### Data extracts
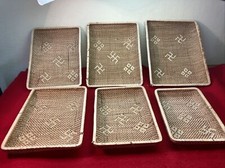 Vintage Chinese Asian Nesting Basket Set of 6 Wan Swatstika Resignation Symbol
######
### Data extracts
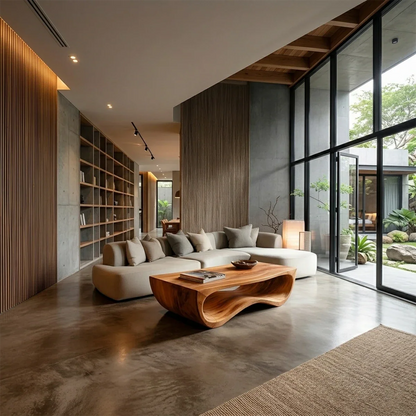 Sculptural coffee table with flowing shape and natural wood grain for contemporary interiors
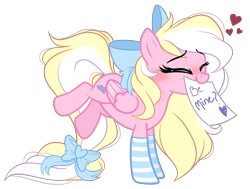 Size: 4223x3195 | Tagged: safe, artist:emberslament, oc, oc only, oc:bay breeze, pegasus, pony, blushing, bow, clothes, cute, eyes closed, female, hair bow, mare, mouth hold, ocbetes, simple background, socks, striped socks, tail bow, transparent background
######
### Data extracts
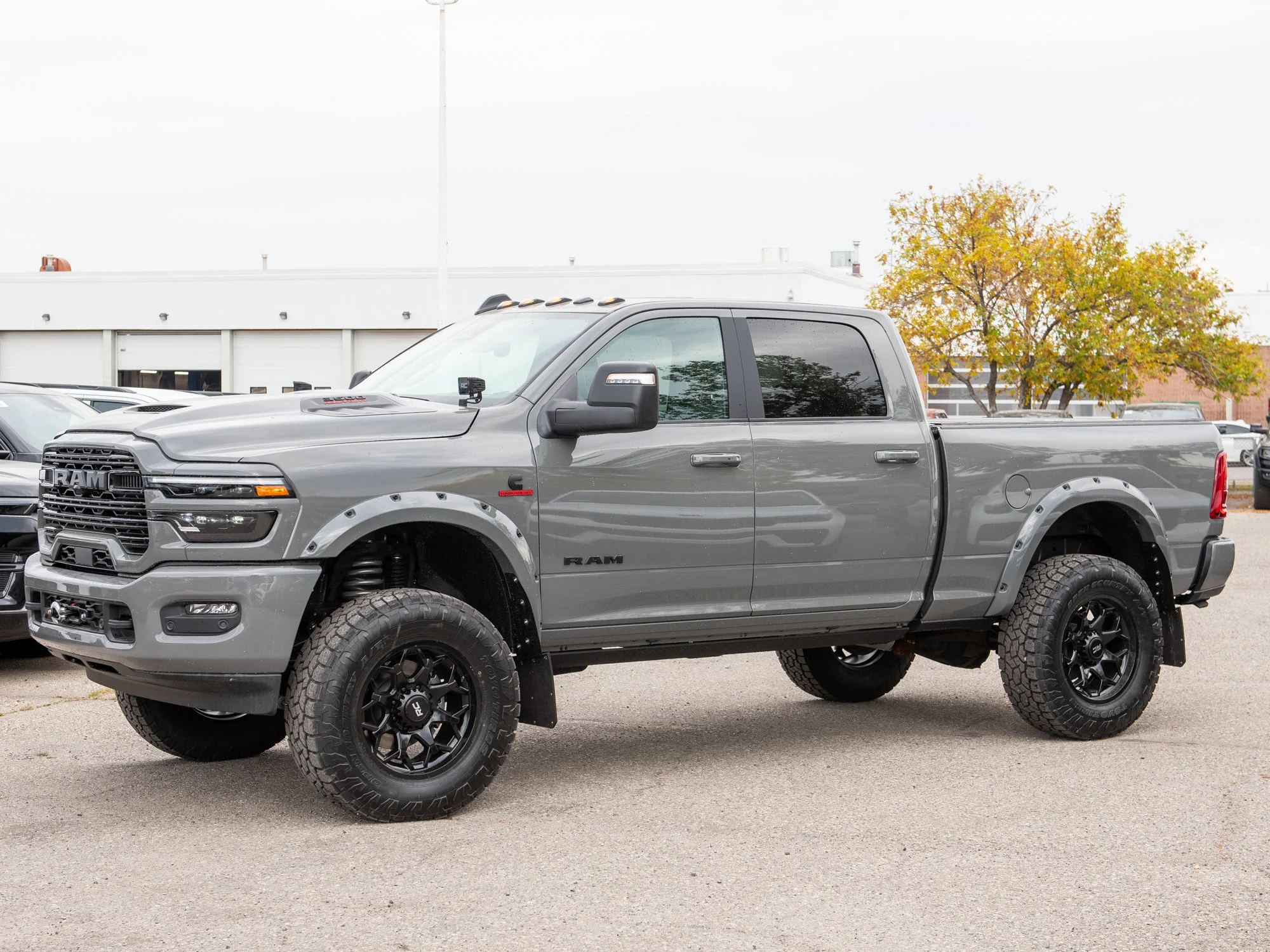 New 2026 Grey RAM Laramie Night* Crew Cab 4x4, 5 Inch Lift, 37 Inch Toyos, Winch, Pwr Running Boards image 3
######
[Work request] Transcribe the lines above exactly, beginning at the one with "Sculptural coffee table" and ending at the one with "Size: 4223x3195 |". Include both; exclude the pictures.

[Reply]
 Sculptural coffee table with flowing shape and natural wood grain for contemporary interiors
 Size: 4223x3195 | Tagged: safe, artist:emberslament, oc, oc only, oc:bay breeze, pegasus, pony, blushing, bow, clothes, cute, eyes closed, female, hair bow, mare, mouth hold, ocbetes, simple background, socks, striped socks, tail bow, transparent background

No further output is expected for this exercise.